[Image-text web data]
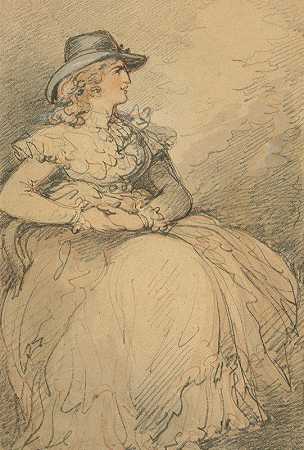 艾略特夫人，通常被称为高个子多莉`Lady Elliott, Commonly Called Dolly The Tall (1775/1827) by Thomas Rowlandson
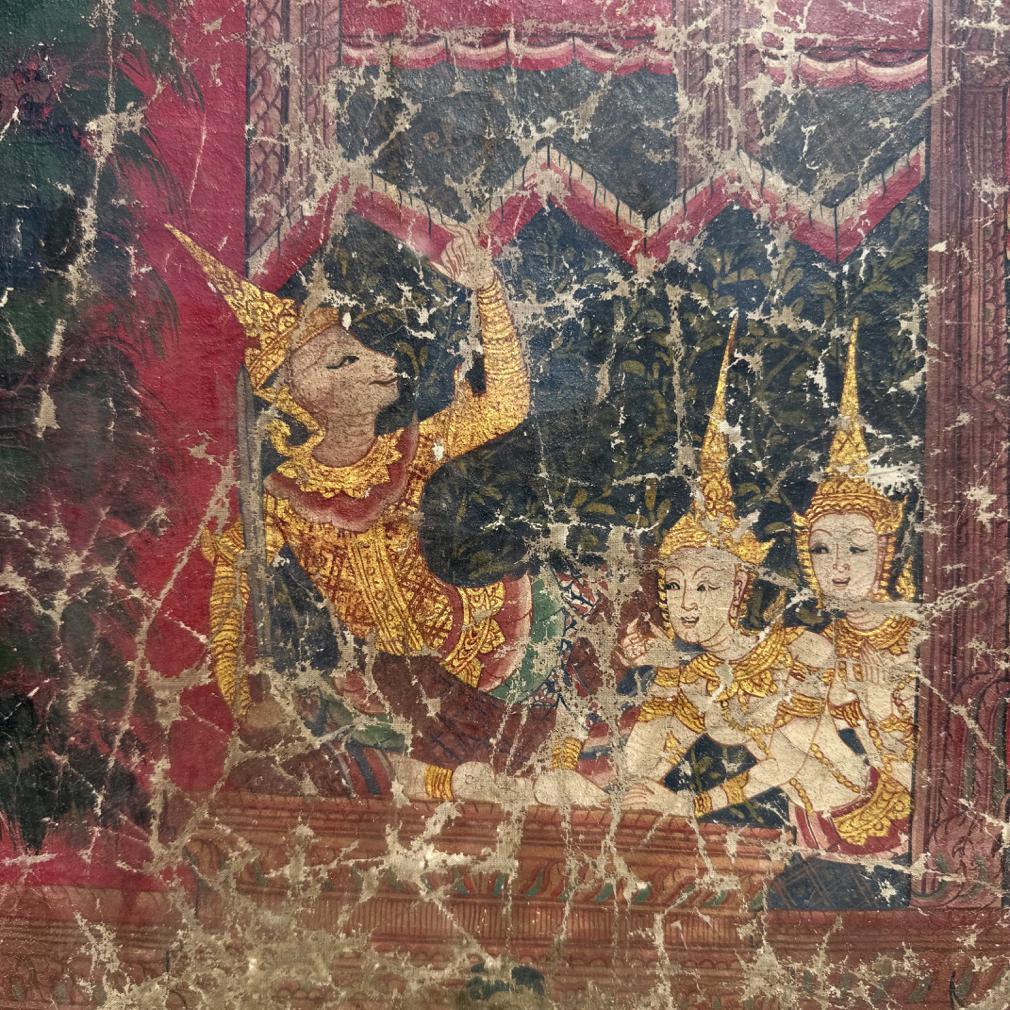 Dipinto a mano Antico dipinto di scena buddista tailandese su stoffa, scuola di Rattanakosin in vendita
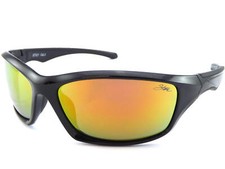 Stone Sunglasses Wraparound Shiny Black with Fire Red Mirror CAT.3 Lens ST521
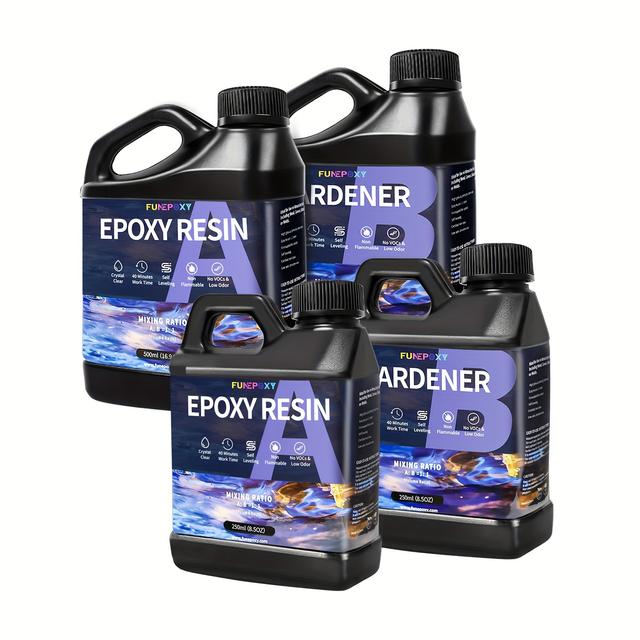 TEMU 52 Oz (1.5l) Epoxy Resin Kit | High Gloss, No Bubble, Fast Cure, Art Resin For Jewelry Making, Tops, Tumblers, Molds, Art Wood Painting - , Low Odor, High Durability, Finish
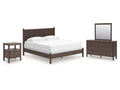 Pamytta King Panel Bed, Dresser, Mirror and Nightstand, Brown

**Goal of the exercise:**
Word for word, repeat only the lines from the line containing "Dipinto a mano" through the end of the data, without any pictures.

**Result:**
 Dipinto a mano Antico dipinto di scena buddista tailandese su stoffa, scuola di Rattanakosin in vendita
 Stone Sunglasses Wraparound Shiny Black with Fire Red Mirror CAT.3 Lens ST521
 TEMU 52 Oz (1.5l) Epoxy Resin Kit | High Gloss, No Bubble, Fast Cure, Art Resin For Jewelry Making, Tops, Tumblers, Molds, Art Wood Painting - , Low Odor, High Durability, Finish
 Pamytta King Panel Bed, Dresser, Mirror and Nightstand, Brown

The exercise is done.